На это Джордано, воздев руки, воскликнул:
— Что же это такое? Кто выдумал такую чертовщину? Никогда я не говорил ничего подобного, и никогда мне это даже во сне не снилось. Боже мой! Что это такое? Да я лучше умру, чем позволю так клеветать на себя!
Лукавит, лукавит обвиняемый, защищая свою бренную жизнь, не слишком заботясь о душе… Да и верит ли он в ее бессмертие? Он слишком умен, и его не всегда легко понять. Возможно, доносчик пересказал его слова не совсем точно, не вполне верно уловил их смысл. Или сказано было обвиняемым о магическом искусстве только для того, чтобы приобрести щедрого покровителя, возвысив перед ним свои способности и тайные знания? Так или нет, но доля правды и в этом пункте доноса присутствует…
Протоколы последнего допроса в венецианской инквизиции, состоявшегося 30 июля 1592 года, прокуратор изучал особенно тщательно. В этот день обвиняемый заявил:
— Я не припомнил ничего, что мог бы прибавить к прежним моим показаниям.
— Однако показаниями некоторых твердо установлено, что вы распространяли ложные учения.
(Лжет инквизитор: есть лишь одно такое показание — донос. Если поверит инквизитору Бруно и признается, то даже раскаяние не спасет его от костра.)
— Это мог утверждать один только синьор Мочениго…

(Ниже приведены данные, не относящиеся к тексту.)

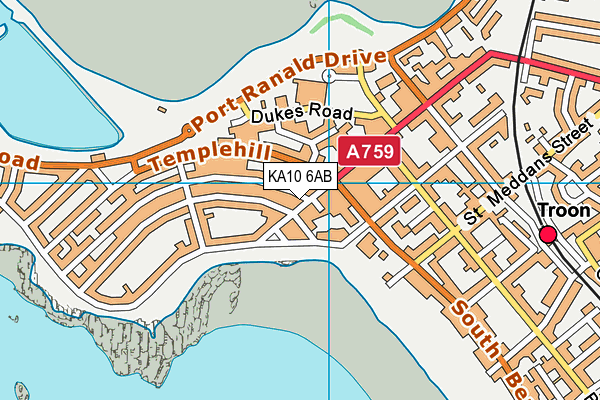 KA10 6AB map - OS VectorMap District (Ordnance Survey)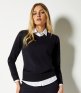 Kustom Kit Ladies Arundel Cotton Acrylic V Neck Sweater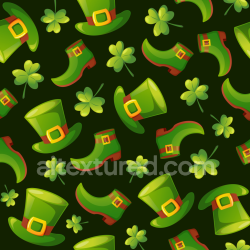 seamless Seamless 3D PBR texture featuring St Patrick green hats, shoes, and shamrocks texture 8k free download PBR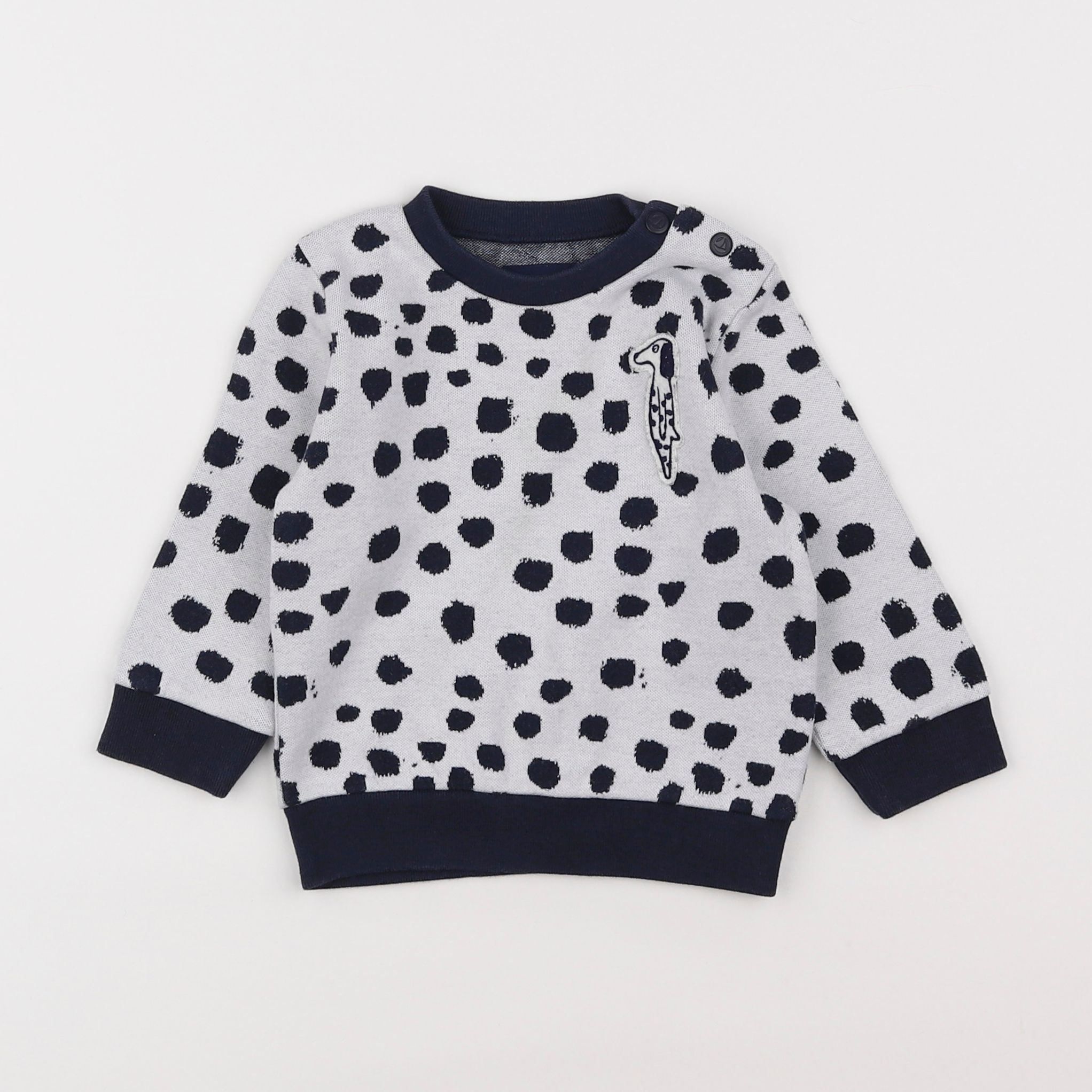 Petit Bateau - sweat bleu - 12 mois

— Постарайтесь же достойным образом очистить вашу совесть!
— Со всей искренностью исповедал я здесь и признал свои заблуждения. И в ваших руках, высокородные синьоры, наложить на меня любое наказание, какое нужно для блага моей души и для покаяния моего в худых делах. Я же не могу рассказать больше того, что случилось, и не могу лучше выразить искреннее желание моей души (падает на колени перед трибуналом и продолжает). Смиренно прошу я бога и вас, высокородные синьоры, о прощении всех моих грехов; и я готов исполнить все, что вы разумно решите и признаете нужным для спасения моей души… И если милосердие господа и ваше оставят мне жизнь, обещаю я настоящее улучшение моей жизни. Оно заставит забыть о соблазне, которому подавал я повод до сих пор, и послужит каждому разумным примером.